• **TASK REQUIREMENTS**
Reproduce exactly the lines of this material that begin at the line with "Girl mermaid watercolor" and end at the line with "Bright afternoon scene", both included. Omit the pictures and everything else.

• **PROVIDED INFORMATION**
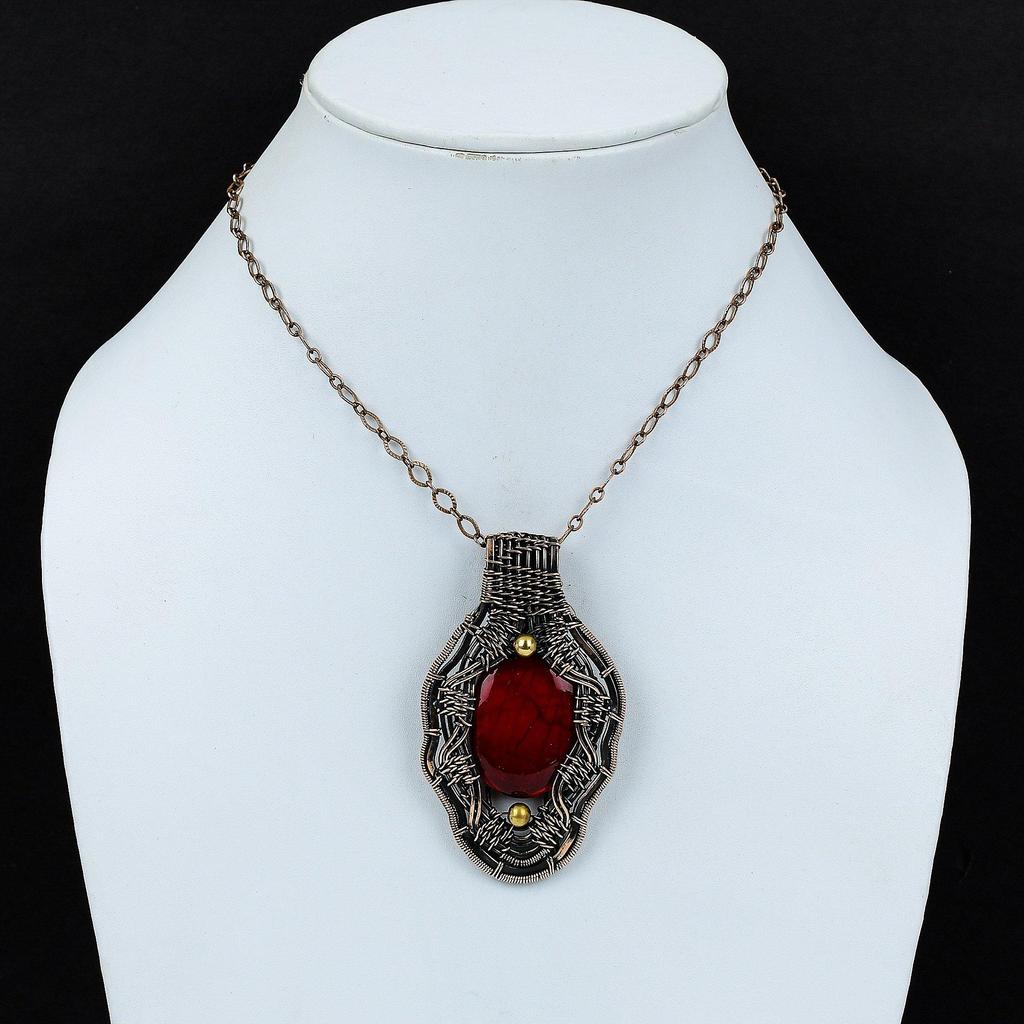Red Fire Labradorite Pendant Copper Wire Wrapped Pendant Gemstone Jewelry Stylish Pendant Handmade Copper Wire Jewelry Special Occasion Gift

...

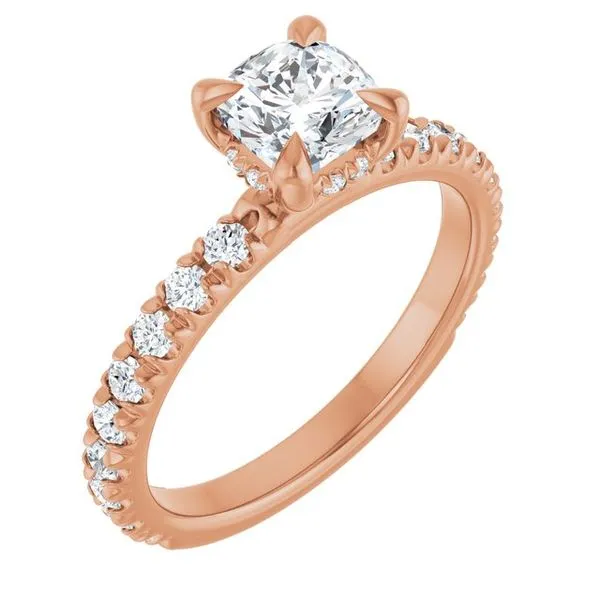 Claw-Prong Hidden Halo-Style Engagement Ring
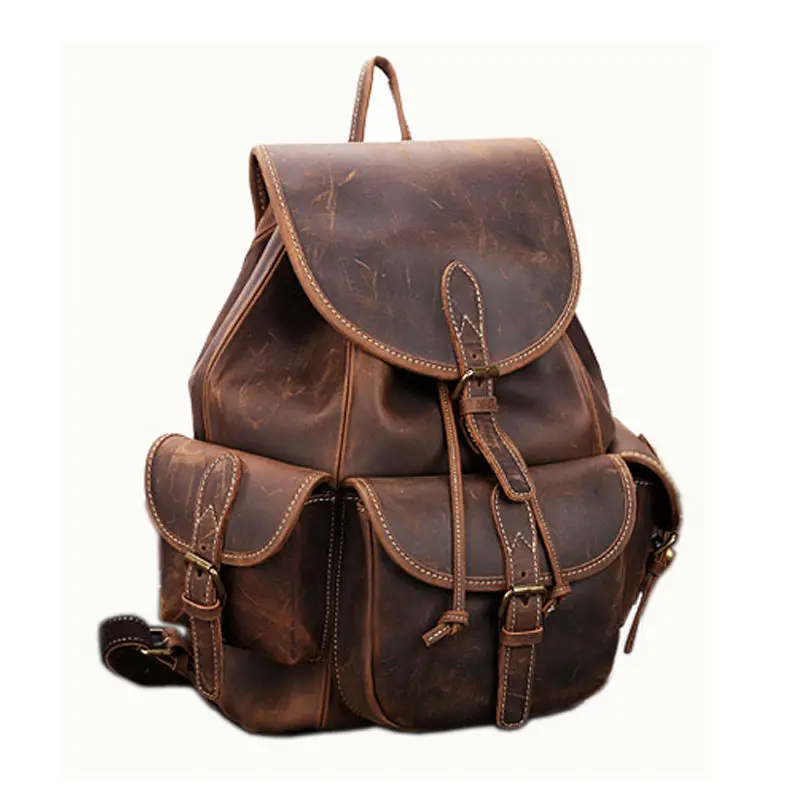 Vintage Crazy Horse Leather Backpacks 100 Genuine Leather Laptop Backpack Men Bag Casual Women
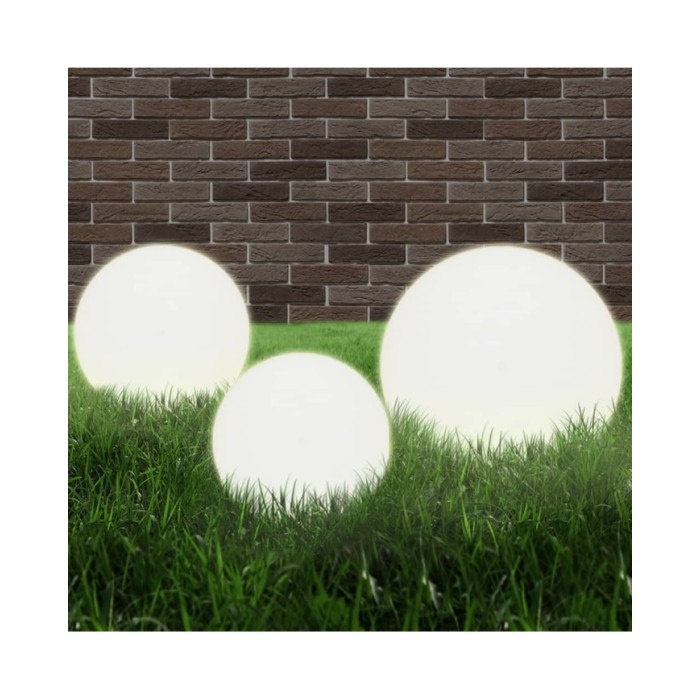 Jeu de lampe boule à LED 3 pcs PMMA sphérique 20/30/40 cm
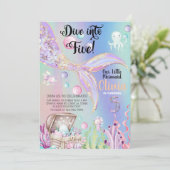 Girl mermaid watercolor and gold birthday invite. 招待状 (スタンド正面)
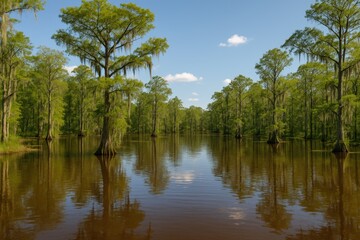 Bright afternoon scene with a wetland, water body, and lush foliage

• **SOLVED PROBLEM**
 Girl mermaid watercolor and gold birthday invite. 招待状 (スタンド正面)
 Bright afternoon scene with a wetland, water body, and lush foliage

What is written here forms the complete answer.